Plus, the "Manage Forms" link needs to be moved to the Tools menu instead of the View menu.
 
Jim

Pierre_Admin

2008/11/18 00:14

In reply to by J-Mac

  • Forms have predefined values
  • There are icons to add an item and a sub-item, right next to the form
>Tools menu: Yes, this is possible. You can do it yourself by customizing the menu (right-click on a toolbar>customize, drag-drop)
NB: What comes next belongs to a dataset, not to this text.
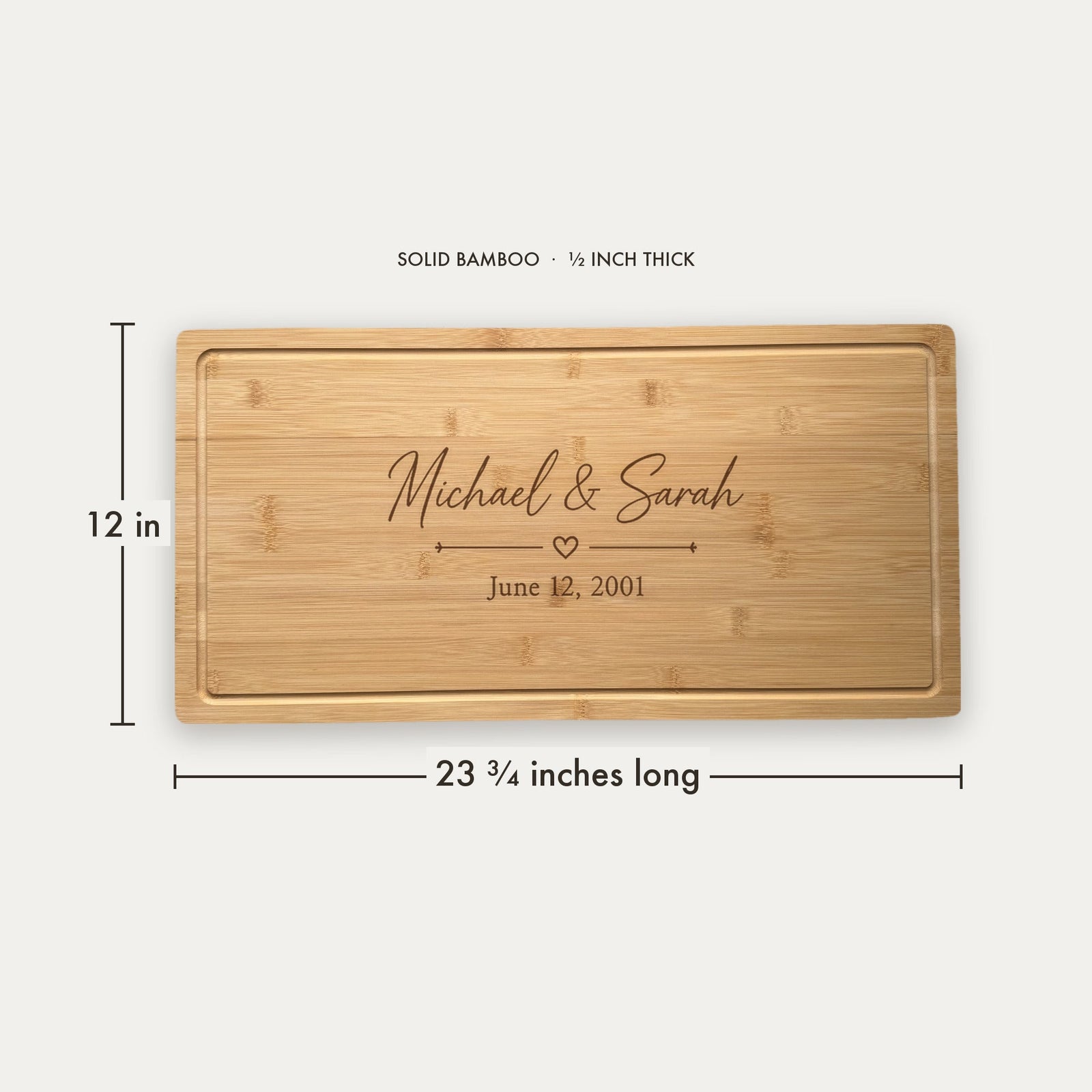 Size guide for the personalized wedding charcuterie board, 23 and three quarter inches long by 12 inches wide in half inch thick solid bamboo.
I use them quite a bit, in particular because they can automatically assign field values. You can:
  • Add an item at the same level as the current
  • Add a sub-item
  • Or simply apply the form values to the current item
Unlike the grid, which has a single set of field displayed (as columns), you can open/close any form
 
For example, you want to log that you called a contact, you:
  1. Open the AddressBook grid
  2. Find your contact
  3. CTRL-T to dial the phone number (will propose the list of phone number of this contact or of parents of)
  4. Open the Call form
  5. While still on the contact, click the icon to create a sub-item Call
  6. Use F4 to toggle between the form and the grid if desired
  7. While talking, you may want to create a task for you. Use the Todo form, etc

markfoley

2008/11/23 23:20

In reply to by Pierre_Admin

Thanks for the example Pierre.  It seems interesting, I went through the example you mentioned.
 
I guess the confusion for me is still around the 'rapid entry' (I don't think I could use them in a meeting so sticky values in the outliner grid would be more appropriate for me) and also I can't see where the todo will end up in the todo grid (ie in a certain spot in the tree)
 
Thanks

Pierre_Admin

2008/11/23 23:52

In reply to by markfoley

Information management is always a compromize between free-form and structured. Free-form is quicker to enter, but structured allows for analysis, automatic re-organisation.
 
On a phone call, when time is important, I tend to put most info in the item text and in sub-items e.g. unstructured. When I hang up, I'll transfer some of this info in fields, some will stay as text.
 
As a means to bridge the 2 worlds, item text processing (into field values) is planned. Examples of this is Google Calendar. Enter dates and times in the appt text and it will fill the date fields. For example, you'd enter on:Tom by:tomorrow and it would put an action on Tom, due tomorrow
 
So this is planned and actually simple to implement (just so many things to do )
 
The forms are not the solutions to all problems of course, and entering stuff in the grid is still quicker, provided, the number of columns is not too large. I see grid columns and forms as complementary.
 
As for creating the todo and how it would show up in the todo grid, I'll post a blog on the subject as it is the core concept behind IQ.

markfoley

2008/11/25 22:45

In reply to by Pierre_Admin

Great, I'll look forward to that blog entry.  It's an interesting mindset you need to adopt for SQLnotes.  Like with your 'welcome grid' you've used a field called 'welcome' from memory to define what lives in that grid.  However in practical use, you wouldn't want a new field every time you had a meeting for example.  So I'm just working through in my head the best way to do that data wise.  If you get a chance to blog on some more real life situations like the 'phone call' one above, it'd be really useful I think.
 
The idea of having tags define other field values is a great one.  Tou'd have lists of these consisting of "Tag/Prefix" and "Data" that follows it.  You could have named sets of these, eg "GTD" and other similar sets.  Also clever stuff around converting the text that follows- eg a date might be "March 12" or "12/10/08" or even "Next Monday" which could be parsed based on the date the note was created.
 
Similarly you could do under the same feature is define 'synonyms' for searching purposes.  Sometimes you might call bob foley "BF" or "Bob F" or just "Bob" but when you search you really want any one of those.
 
That links off to the interesting idea of a 'semantic search' where you can define concepts in a tree, you've probably heard of it.  You would for example have a tree like:
 
vehicles
...cars
......volkswagen
......ford
.........ford falcon
...trucks
...etc
 
Then if you searched for something including 'cars' it would also return those referring to ford's because a ford is a type of car.
 
I've always thought deriving a large semantic tree from freeform web text would be a great project to do to support AI and other things- but it's beyond my capability!  More for the realm of google - but you could probably include such a tree simply enough into IQ later down the track.